Note ban 'successful political coup': French economist Sorman

Published May 24, 2017, 4:21 pm IST
Updated May 24, 2017, 4:21 pm IST
"Corruption methods have changed in order to adapt to the new rules of the games," added Sorman.
 French economist Guy Sorman (Photo: Youtube screengrab)
  French economist Guy Sorman (Photo: Youtube screengrab)

New Delhi: Globally acclaimed French economist Guy Sorman has described demonetisation as a "successful political coup", although it failed to meet the objective of weeding out corruption for which more steps are needed.

"Demonetisation was a successful political coup which was heavily applauded by a majority of the Indian people. The government showed it was serious about corruption," Sorman told PTI in an interview.


Prime Minister Narendra Modi on November 8 last year had announced demonetisation of Rs 1,000 and Rs 500 notes in a major assault on black money, fake currency and corruption.

"Simultaneously, it has disrupted commercial transaction and slowed down the economy at large. Did it stop corruption? Of course not. "Corruption methods have changed in order to adapt to the new rules of the games," added Sorman, who has authored many books, including 'Economics Does Not Lie: A Defense of the Free Market in a Time of Crisis'.

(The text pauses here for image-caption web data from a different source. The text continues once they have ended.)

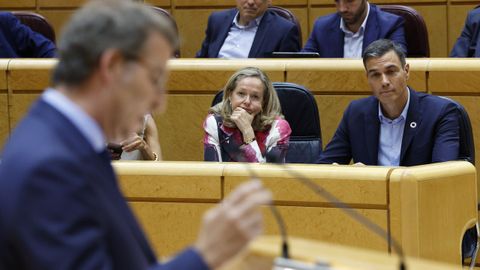 Pedro Snchez escucha el discurso de Alberto Nez Feijoo durante el debate en el Senado. 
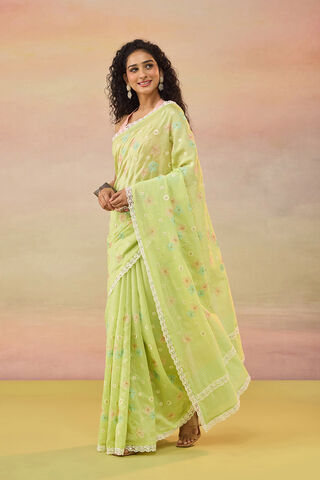 Light Green Bengal Pure Silk Cotton Embroidered Saree thumbnail image number null
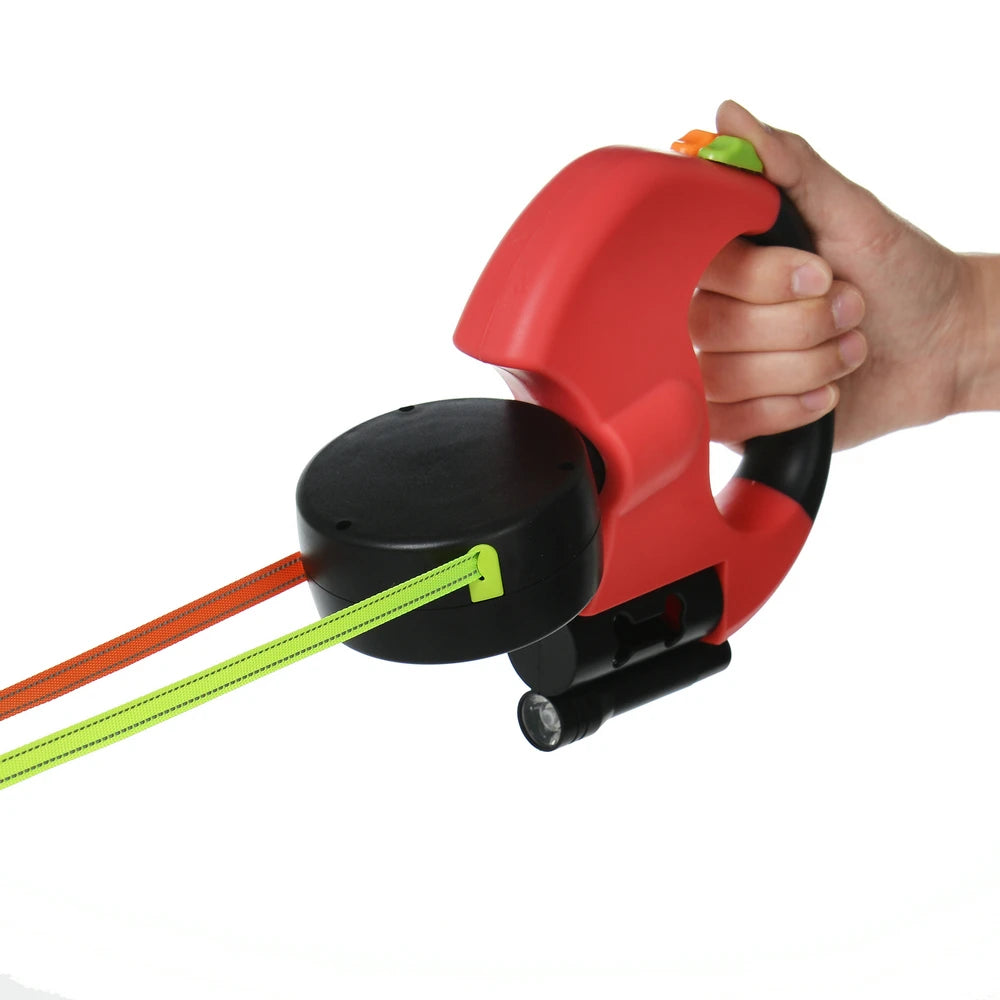 Reflective Retractable Double Dog Leash | Pawly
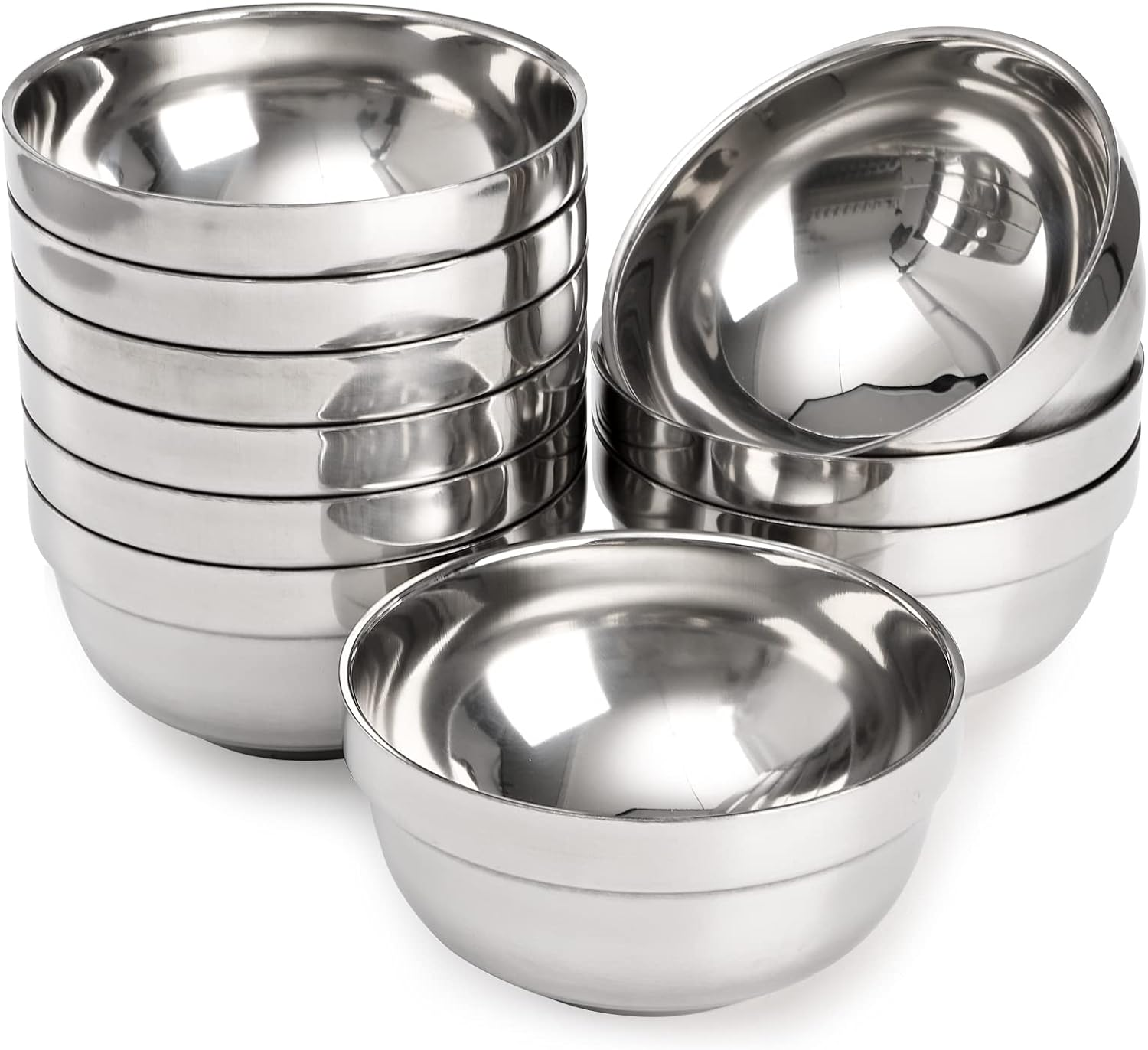 10 Pack Stainless Steel Bowls 5 Inch Snacks Bowl, 15 Oz Soup Bowl Lightweight Salad Bowls Double-Walled Metal Serving Dishes for Sauces, Rice, Noodle, Ice Cream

Post demonetisation, the BJP-led NDA government won a series of elections in local bodies as well as state assemblies, including Uttar Pradesh. The noted economist also pointed out that the government has not acted against the deep cause of corruption – an excess of regulations which gives immense power to the bureaucrats at any level.

Sorman lauded Modi government for understanding that the "best way to promote growth is to let the Indian entrepreneurs, large firms and barefoot capitalists free to imagine and create".

He, however, pointed out that lack of infrastructure, red tape, corruption, local and national bureaucracy do not help. "Also, Modi seems sometimes more interested in making political and symbolic gains than in helping the economy with a predictable course.


"Demonetisation, fiery political speeches, symbolic gestures (who needs giant and costly Shivaji monuments) disrupt the confidence of potential investors, domestic or foreigners. They wonder what will happen next and get cold feet," Sorman said in the e-mailed interview. Talking about India's economic growth, he said the country's growth rate is the highest since Independence and will remain high.